Hamirpur Artisans Keep 100-Year-Old Shoe Craft Alive
In a small Uttar Pradesh town, craftsmen like Shyam Babu are preserving a century-old tradition of handmade leather shoes that can be worn on either foot. Their Nagra jutis tell a story of cultural identity stitched into every pair.
In Sumerpur, a town in Hamirpur district, Uttar Pradesh, skilled hands are keeping a dying art alive one shoe at a time.
Shyam Babu and fellow artisans craft Nagra jutis, traditional handmade leather shoes that have defined the region's identity for generations. Unlike mass-produced footwear, each pair is cut, stitched, shaped, and finished entirely by hand using techniques passed down through families.
The shoes carry a unique feature that sets them apart: they have no left or right foot. The traditional straight design means wearers can slip either shoe on either foot, a practical choice rooted in generations of craftsmanship.

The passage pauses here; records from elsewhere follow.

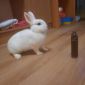 Гермелин кролик объявление Продам уменьшенное изображение 2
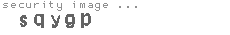 security image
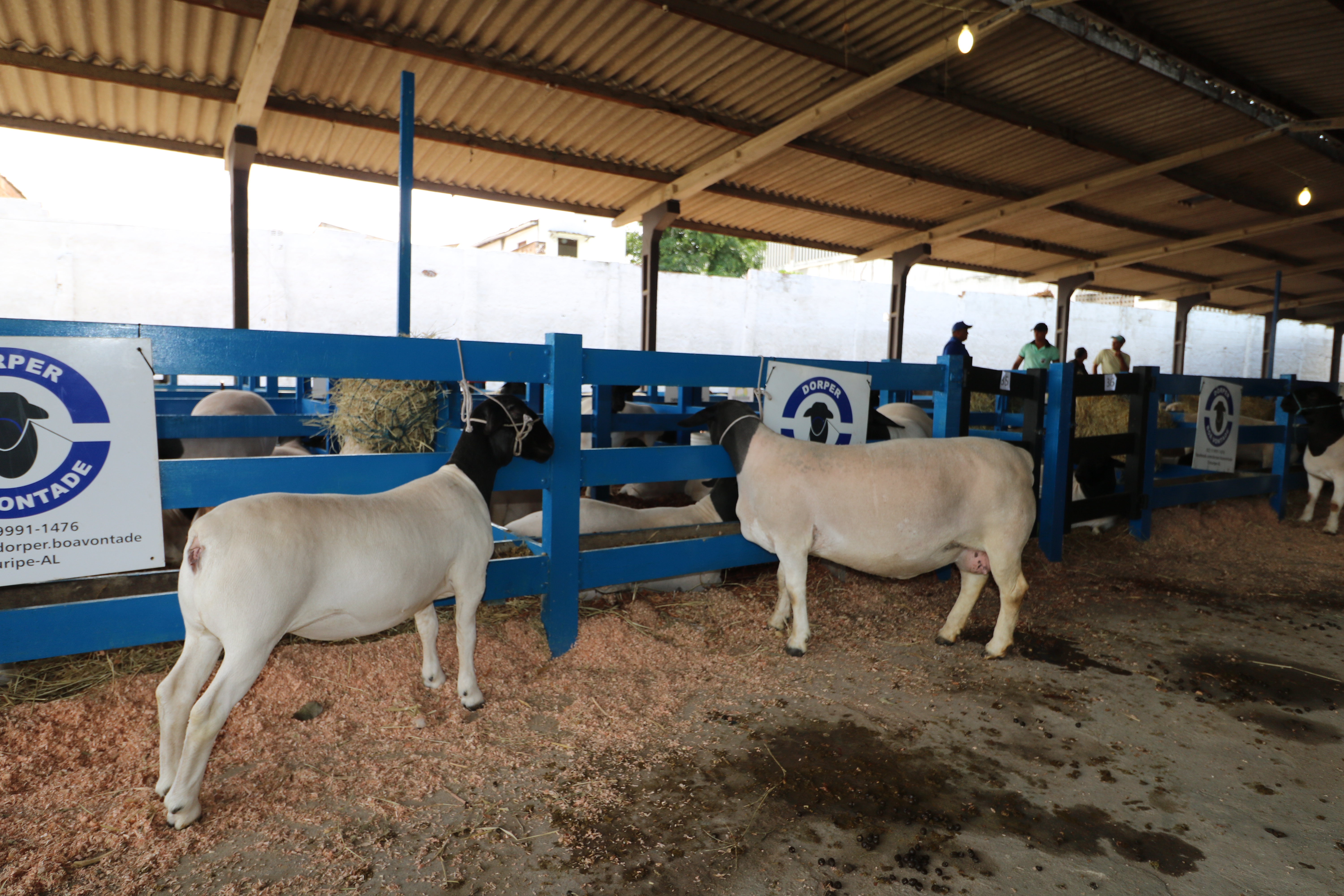 Exposição Nordestina Dorper e White Dorper 2018 incentiva criação de ovinos em AL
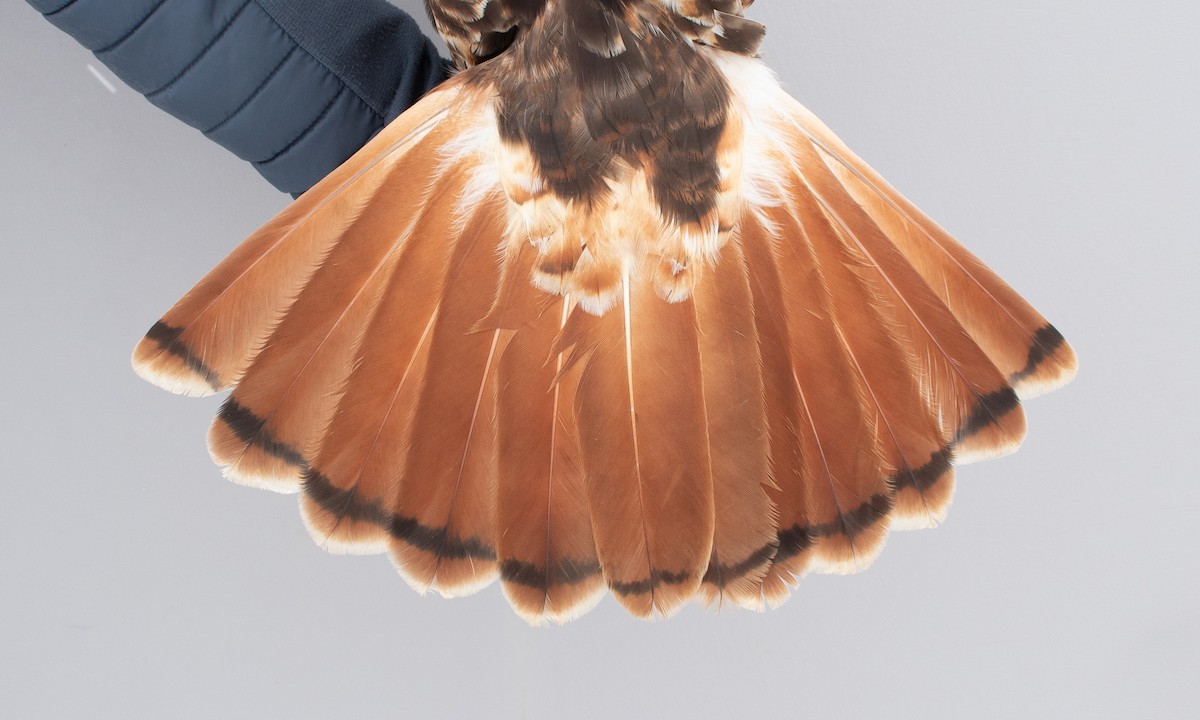 Kızıl Kuyruklu Şahin - ML646766747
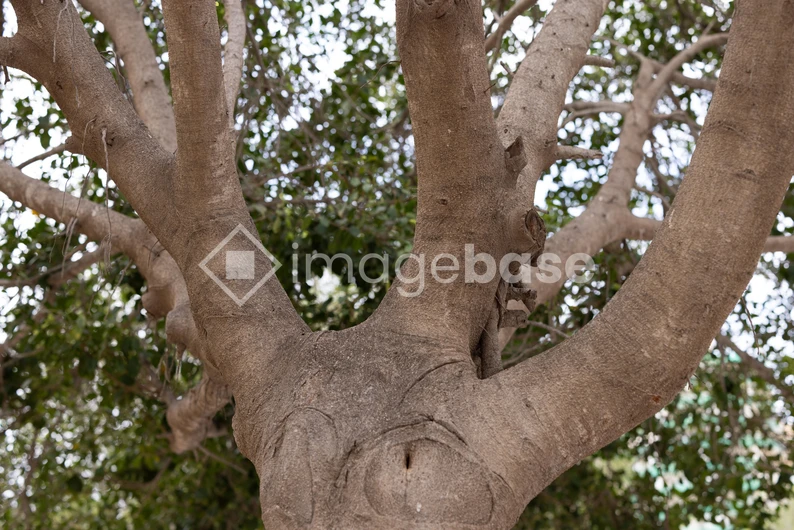 Majestic Tree Trunk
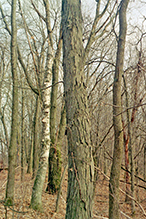 northern shagbark hickory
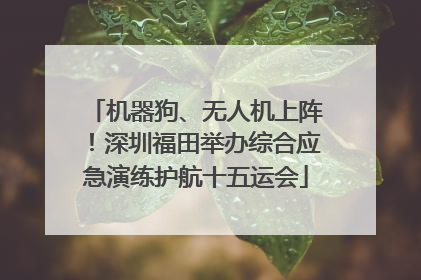 机器狗、无人机上阵！深圳福田举办综合应急演练护航十五运会
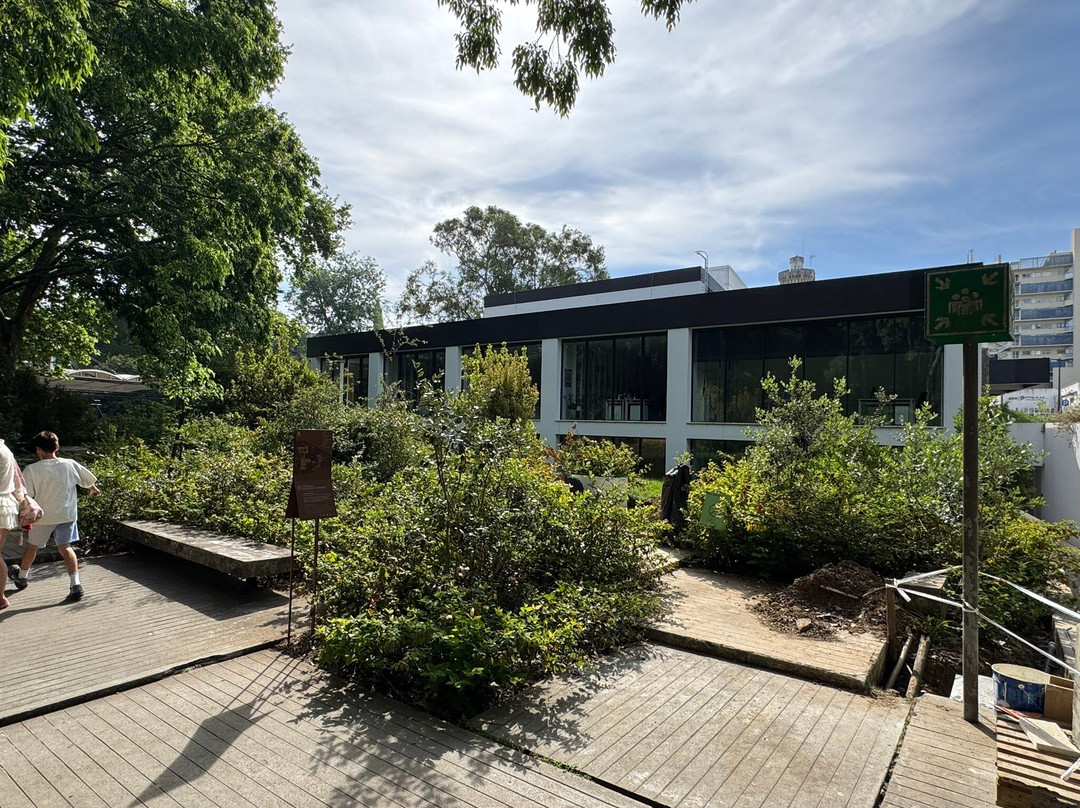 Centro de Arte Moderna Gulbenkian-里斯本必去景点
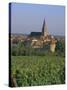 Bergheim and Vineyards, Alsace, France-John Miller-Stretched Canvas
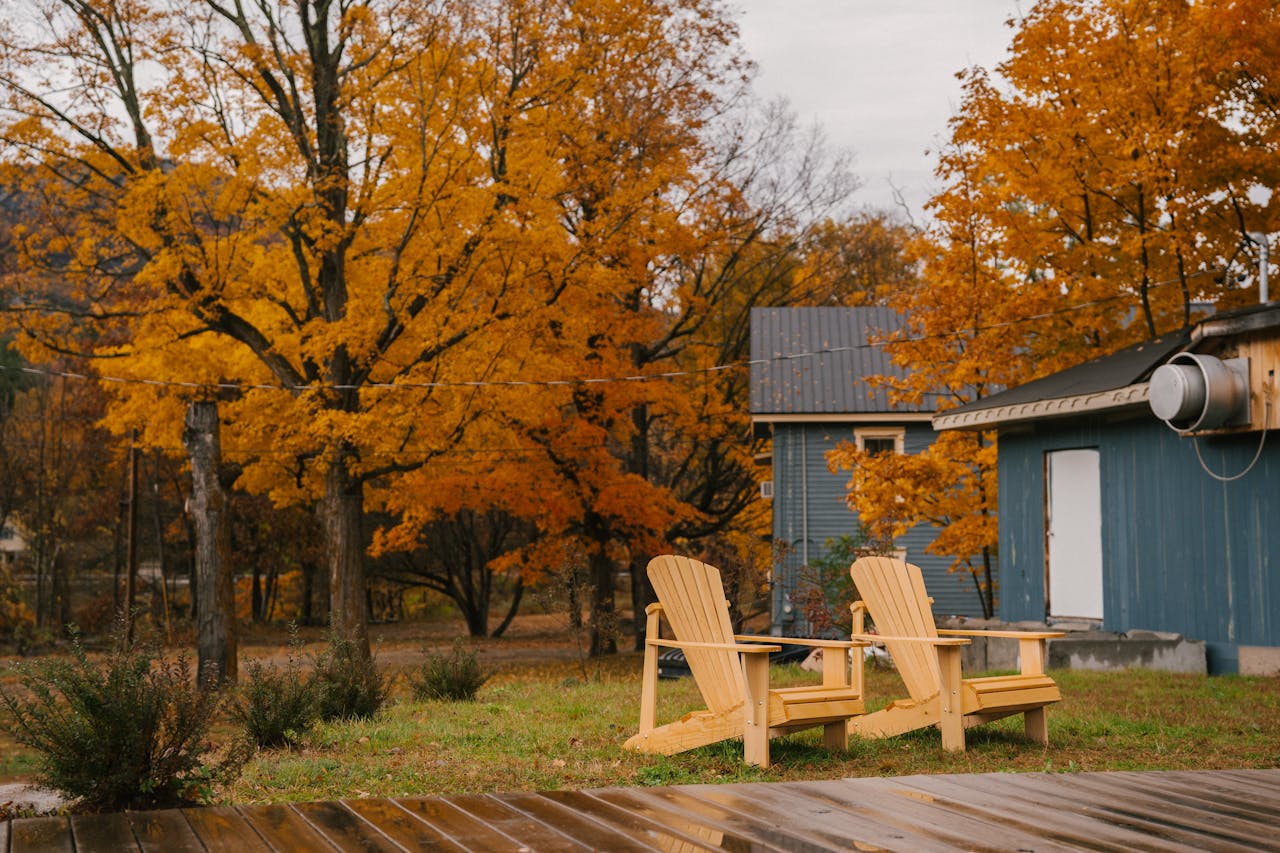 Small light beige wooden chairs for rest on green lawn in yard of private house by tall trees with vibrant golden foliage in autumn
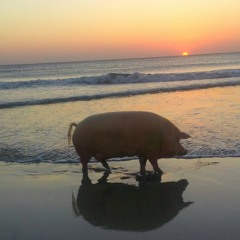 california (sunset pig remix)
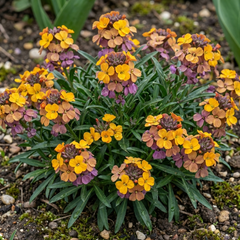 Erysimum Spring Feeling Hardy Perennial Wallflower Plants, Bee Friendly, Fragrant, Outdoor Garden Ready, 1 Litre / 11cm Root-Ball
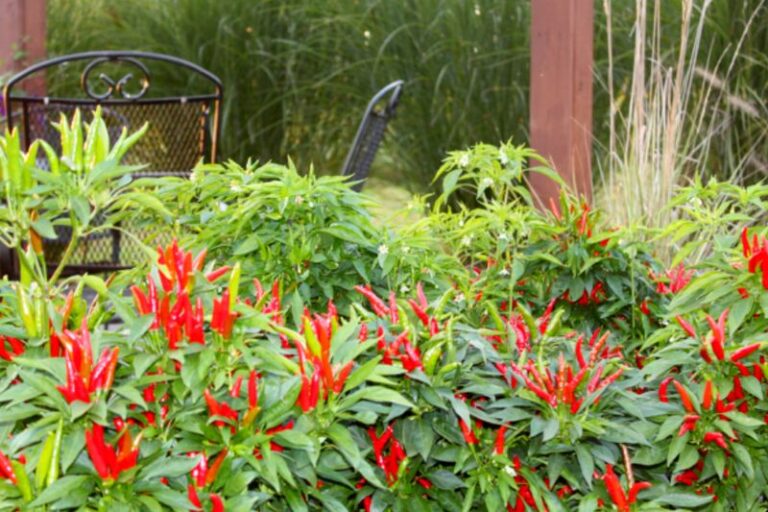 Your Pepper Plants Still Loaded With Green Fruit Will Ripen Faster Once You Pinch Off Every New Flower Now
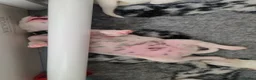Dalmatian dogs for sale: KC Show Quality Rare LUA Dalmatian Puppies - Advert 10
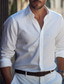 abordables Chemises Habillées-Homme Chemise Bleu Ciel Noir Blanche manche longue Plein Revers Printemps &amp; Automne Entreprise Casual Vêtement Tenue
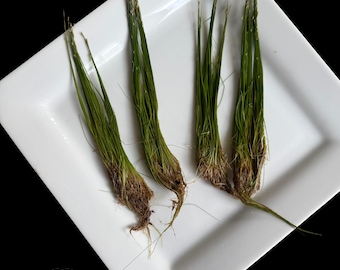 Dwarf Hairgrass - Live Aquarium Carpeting Plant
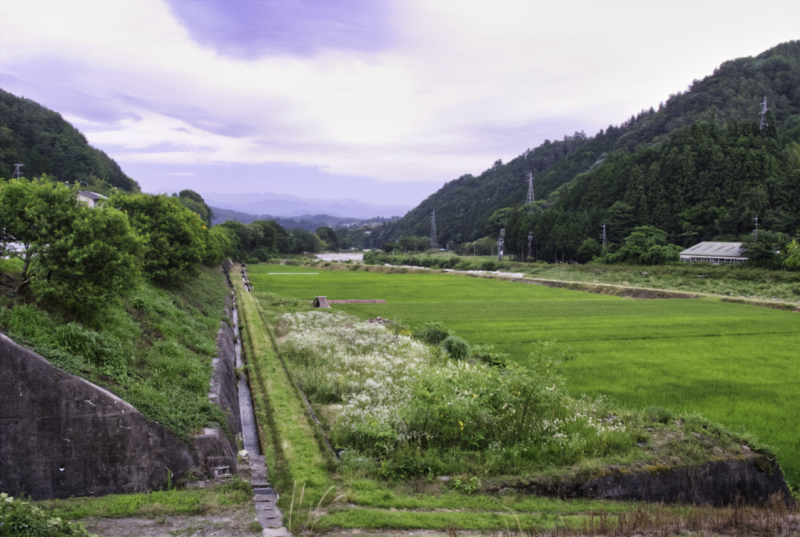 f:id:haikutu:20210407150257j:plain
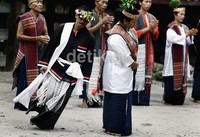     Tarian Sigale - gale ditampilkan untuk mengenang sang putra raja, Sigale - gale sendiri terbuat dari patung kayu, konon diukir menyerupai putera raja. Untuk melepaskan kerinduannya saudara perempuannya menari dengan sigale - gale.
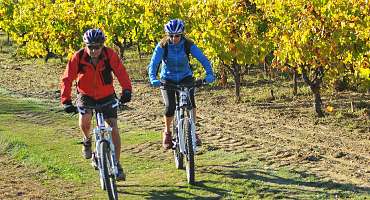 Circuit VTT n°29 - Petit tour de l'Eze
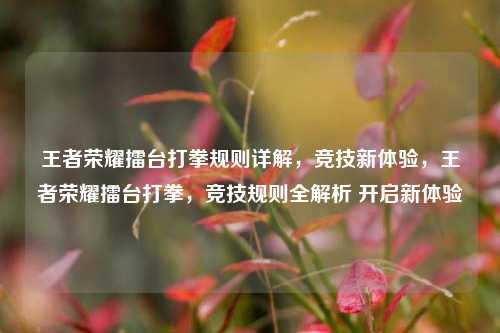 王者荣耀擂台打拳规则详解，竞技新体验，王者荣耀擂台打拳，竞技规则全解析 开启新体验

The making process is meticulous and unchanged by time. Artisans start by selecting thick hides for soles and softer goat or sheep leather for uppers. They trace patterns based on size, cut the pieces, then carefully stitch the upper to the sole.
Each pair is placed on a wooden frame to hold its shape, pressed for structure, then smoothed and detailed by hand. While older versions were heavy and built for rough terrain, modern Nagra jutis are lighter and more comfortable for everyday wear without losing their traditional character.

Skills aren't learned in classrooms but absorbed at home through watching, practicing, and repeating. Young craftsmen grow up seeing their fathers and grandfathers work the leather, their hands memorizing each step before they ever make their first pair.
The craft faces modern challenges. Raw materials now come from distant markets in Agra, Kanpur, and Jalandhar rather than local sources. This dependence on external supply chains adds vulnerability to an already fragile livelihood.
The Ripple Effect
Recognition under India's One District One Product (ODOP) program has given Nagra jutis new visibility through exhibitions and promotional platforms. The framework helps connect these artisans with buyers beyond their immediate region, creating pathways to markets that once seemed unreachable.
For Shyam Babu, the craft's survival depends on two things: steady demand and fair earnings. When craftsmen can make a living wage, the next generation sees value in continuing the tradition rather than abandoning it for factory work.
Each pair of Nagra jutis carries more than just craftsmanship. It carries cultural continuity, family legacy, and the quiet determination of artisans who choose tradition in a world racing toward automation.
The shoes may be designed without left or right, but the path forward for these artisans is clear: preserve the skill, adapt to comfort, and trust that buyers will recognize authenticity when they see it.